PhD: Cyber 360 - A Cyber Risk Visualization and Action Platform- ON-525Project type: Research
Desired discipline(s): Engineering - computer / electrical, Engineering, Computer science, Mathematical Sciences
Company: BankingBook Analytics
Project Length: 6 months to 1 year
Preferred start date: 01/03/2022
Language requirement: English
Location(s): Ottawa, ON, Canada; Canada; Canada
No. of positions: 1
Desired education level: PhD
About the company:
Our purpose is to build an analytics-driven organization by combining the latest techniques with deep industry, functional, and analytics expertise to help clients capture the most value from data.
Describe the project.:
This is an opening for a PhD in the Cyber Security Evaluation and Assurance (CyberSEA) Research Lab at Carleton University.
As systems and organizations become larger and more complex, decision-makers face many challenges regarding ways to
identify, analyze, and prepare for threats and hazards, mitigate vulnerabilities, and minimize impact and consequences.

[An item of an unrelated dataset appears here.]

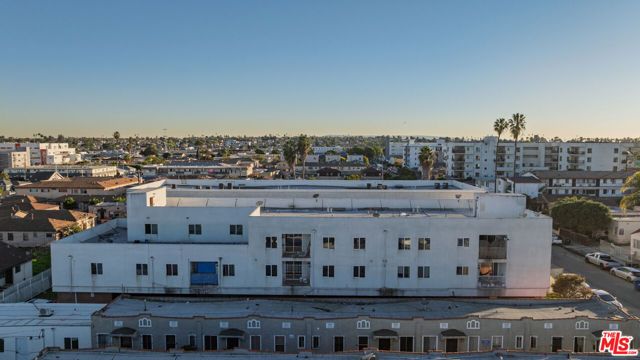 6334 Brynhurst Avenue, Los Angeles, CA 90043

This project aims to develop a cyber risk dashboard that supports asset management, threat source identification, and
advanced threat assessment techniques to identify and score security vulnerabilities related to the people, processes,
and systems of an organization. The project also aims to map mitigation strategies with identified vulnerabilities, and
where such mitigation strategies does not exist, create enterprise-wide projects to develop and requisition internally and
externally. The internal rate of return (IRR) or economic value of the outcomes of such mitigation strategies will be
monitored to provide additional insights.

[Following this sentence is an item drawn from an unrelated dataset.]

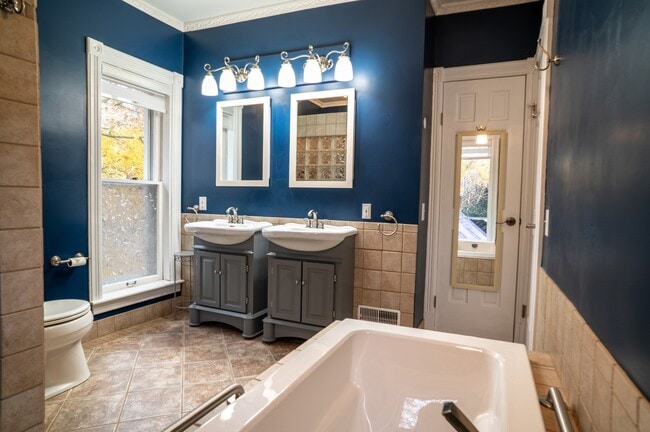 Building Photo - 422 S Michigan Ave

In this project, we will focus on developing a software platform to manage and store threat model information and
integrate with BBA’s machine learning models to provide insights into potential cyber risks. We will use a well-known
and established threat modeling methodology such as STRIDE to obtain a set of threats (or classes of threats) that
need to be mitigated. We will also use a suitable vulnerability scoring framework such as CVSS (or other econometric
scoring models) to score the identified vulnerabilities and obtain data that can be ingested by existing machine learning
models to produce projected loss severity outcomes.
The general objective of the project is to develop a solution capable of providing more objective, reproducible, consistent,
commonly understandable, and actionable information that can integrate with existing machine learning models to
assist stakeholders in making decisions on how to improve overall organizational security and resilience. This will involve
the following tasks:
1. Developing an approach to identify/inventory the relevant assets, threat sources, and vulnerabilities for a complex
2. Establishing a mechanism/approach for scoring the identified vulnerabilities to generate actionable data that can
support decision-making and be used as input for more detailed data-analysis methods.
3. Implementing a cyber risk dashboard to manage and visualize the data, and provide recommendations and guidance
on how to improve the organizational security and resilience.
Suitable candidates will have a Master’s degree in Software Engineering, Computer Science, or a related field. Ideal
candidates will be self-motivated with an ability to work independently and to communicate effectively in a team
environment. Applicants must possess strong programming skills. A background in cybersecurity is highly desirable.
Experience with threat modeling, threat and risk assessment, and/or knowledge of security metrics and measures is
considered an asset. Applicants should also have very strong written and verbal communication skills.
All candidates must satisfy the Minimum Admission Requirements for Doctoral Programs at Carleton University.